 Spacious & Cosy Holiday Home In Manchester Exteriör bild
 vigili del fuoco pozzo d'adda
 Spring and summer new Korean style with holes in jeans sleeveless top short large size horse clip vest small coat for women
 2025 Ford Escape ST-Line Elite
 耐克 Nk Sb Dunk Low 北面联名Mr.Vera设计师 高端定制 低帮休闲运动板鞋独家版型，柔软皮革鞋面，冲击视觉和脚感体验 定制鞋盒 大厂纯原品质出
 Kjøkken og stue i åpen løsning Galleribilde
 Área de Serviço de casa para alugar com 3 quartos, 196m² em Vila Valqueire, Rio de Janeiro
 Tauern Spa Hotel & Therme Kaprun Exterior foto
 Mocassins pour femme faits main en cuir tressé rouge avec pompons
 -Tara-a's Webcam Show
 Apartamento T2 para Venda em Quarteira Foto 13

**********

Give again, word for word, the lines of the listing, starting at its first line and ending with the line containing "Tauern Spa Hotel".

 Spacious & Cosy Holiday Home In Manchester Exteriör bild
 vigili del fuoco pozzo d'adda
 Spring and summer new Korean style with holes in jeans sleeveless top short large size horse clip vest small coat for women
 2025 Ford Escape ST-Line Elite
 耐克 Nk Sb Dunk Low 北面联名Mr.Vera设计师 高端定制 低帮休闲运动板鞋独家版型，柔软皮革鞋面，冲击视觉和脚感体验 定制鞋盒 大厂纯原品质出
 Kjøkken og stue i åpen løsning Galleribilde
 Área de Serviço de casa para alugar com 3 quartos, 196m² em Vila Valqueire, Rio de Janeiro
 Tauern Spa Hotel & Therme Kaprun Exterior foto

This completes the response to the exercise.